[[ INFORMATION SUPPLIED, beginning ]]

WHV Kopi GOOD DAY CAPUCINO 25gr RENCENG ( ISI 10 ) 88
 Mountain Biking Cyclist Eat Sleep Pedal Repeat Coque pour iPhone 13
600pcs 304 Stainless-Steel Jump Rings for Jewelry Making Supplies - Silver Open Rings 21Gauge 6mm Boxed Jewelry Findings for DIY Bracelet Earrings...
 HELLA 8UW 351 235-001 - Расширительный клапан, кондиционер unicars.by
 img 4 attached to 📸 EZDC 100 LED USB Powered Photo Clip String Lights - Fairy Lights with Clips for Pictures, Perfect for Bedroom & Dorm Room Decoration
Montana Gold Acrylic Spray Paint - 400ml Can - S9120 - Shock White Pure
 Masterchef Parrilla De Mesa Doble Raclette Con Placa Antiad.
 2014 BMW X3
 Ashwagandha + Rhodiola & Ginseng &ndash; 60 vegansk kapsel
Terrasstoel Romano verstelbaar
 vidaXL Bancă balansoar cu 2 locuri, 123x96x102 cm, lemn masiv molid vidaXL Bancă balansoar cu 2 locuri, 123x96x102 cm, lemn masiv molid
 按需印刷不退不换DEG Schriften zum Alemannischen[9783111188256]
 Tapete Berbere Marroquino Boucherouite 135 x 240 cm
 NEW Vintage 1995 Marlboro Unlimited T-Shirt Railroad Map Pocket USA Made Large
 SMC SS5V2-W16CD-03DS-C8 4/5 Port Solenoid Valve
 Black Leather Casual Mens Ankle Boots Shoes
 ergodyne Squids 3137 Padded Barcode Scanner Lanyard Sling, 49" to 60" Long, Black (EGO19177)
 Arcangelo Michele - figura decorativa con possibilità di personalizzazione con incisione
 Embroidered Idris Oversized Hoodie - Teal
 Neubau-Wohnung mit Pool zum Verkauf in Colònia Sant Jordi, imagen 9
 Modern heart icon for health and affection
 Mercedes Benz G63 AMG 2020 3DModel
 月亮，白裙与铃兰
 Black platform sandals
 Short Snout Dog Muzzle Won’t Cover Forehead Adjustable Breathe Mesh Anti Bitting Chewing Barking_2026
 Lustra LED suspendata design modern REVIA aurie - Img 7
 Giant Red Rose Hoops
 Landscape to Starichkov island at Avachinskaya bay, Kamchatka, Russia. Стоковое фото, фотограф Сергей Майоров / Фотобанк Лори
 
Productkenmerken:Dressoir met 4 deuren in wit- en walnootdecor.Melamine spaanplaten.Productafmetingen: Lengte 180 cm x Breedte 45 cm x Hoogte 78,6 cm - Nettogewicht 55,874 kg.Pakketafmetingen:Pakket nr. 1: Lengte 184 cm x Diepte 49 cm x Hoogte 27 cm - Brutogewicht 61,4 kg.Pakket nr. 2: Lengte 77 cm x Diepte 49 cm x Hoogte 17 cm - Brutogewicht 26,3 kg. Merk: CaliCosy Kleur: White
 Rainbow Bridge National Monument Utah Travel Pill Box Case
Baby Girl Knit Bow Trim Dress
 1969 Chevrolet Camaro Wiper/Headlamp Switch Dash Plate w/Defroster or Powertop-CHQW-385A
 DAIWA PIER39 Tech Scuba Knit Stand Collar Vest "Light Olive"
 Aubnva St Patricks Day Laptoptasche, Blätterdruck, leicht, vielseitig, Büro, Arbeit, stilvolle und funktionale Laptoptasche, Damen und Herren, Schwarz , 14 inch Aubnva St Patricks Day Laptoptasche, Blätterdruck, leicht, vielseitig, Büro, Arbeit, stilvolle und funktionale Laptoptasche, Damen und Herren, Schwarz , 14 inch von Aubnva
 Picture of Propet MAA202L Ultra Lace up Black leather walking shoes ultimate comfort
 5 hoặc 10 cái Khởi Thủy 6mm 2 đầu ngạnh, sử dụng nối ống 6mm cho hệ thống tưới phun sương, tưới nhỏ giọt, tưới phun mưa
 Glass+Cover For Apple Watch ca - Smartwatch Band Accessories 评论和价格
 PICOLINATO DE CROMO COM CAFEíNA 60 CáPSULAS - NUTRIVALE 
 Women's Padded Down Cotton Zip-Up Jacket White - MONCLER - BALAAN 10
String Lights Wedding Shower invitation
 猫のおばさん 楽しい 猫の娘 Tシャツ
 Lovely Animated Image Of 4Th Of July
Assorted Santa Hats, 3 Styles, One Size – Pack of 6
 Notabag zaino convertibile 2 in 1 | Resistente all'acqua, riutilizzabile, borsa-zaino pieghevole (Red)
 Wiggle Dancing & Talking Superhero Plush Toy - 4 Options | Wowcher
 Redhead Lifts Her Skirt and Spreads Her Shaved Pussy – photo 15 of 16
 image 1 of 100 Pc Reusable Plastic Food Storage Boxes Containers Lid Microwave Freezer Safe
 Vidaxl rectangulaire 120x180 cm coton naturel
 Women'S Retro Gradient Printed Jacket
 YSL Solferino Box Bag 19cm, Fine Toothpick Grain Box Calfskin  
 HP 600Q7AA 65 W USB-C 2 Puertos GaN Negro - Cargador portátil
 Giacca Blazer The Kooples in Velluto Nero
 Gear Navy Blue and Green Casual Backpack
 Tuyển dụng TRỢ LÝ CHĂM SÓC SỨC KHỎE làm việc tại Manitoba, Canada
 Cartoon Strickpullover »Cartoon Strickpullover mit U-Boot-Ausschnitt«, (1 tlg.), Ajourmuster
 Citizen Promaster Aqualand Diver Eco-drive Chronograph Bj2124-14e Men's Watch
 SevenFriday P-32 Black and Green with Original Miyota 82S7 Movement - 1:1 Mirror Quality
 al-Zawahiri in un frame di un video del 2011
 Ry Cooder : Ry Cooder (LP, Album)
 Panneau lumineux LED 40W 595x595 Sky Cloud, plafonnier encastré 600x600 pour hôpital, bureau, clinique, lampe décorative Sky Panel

[[ INFORMATION SUPPLIED, end ]]

WHAT TO PRODUCE
Retype exactly, and only, the lines above from the one where "600pcs 304 Stainless-Steel" occurs up to and including the one where "HELLA 8UW 351" occurs.

RESPONSE BELOW
600pcs 304 Stainless-Steel Jump Rings for Jewelry Making Supplies - Silver Open Rings 21Gauge 6mm Boxed Jewelry Findings for DIY Bracelet Earrings...
 HELLA 8UW 351 235-001 - Расширительный клапан, кондиционер unicars.by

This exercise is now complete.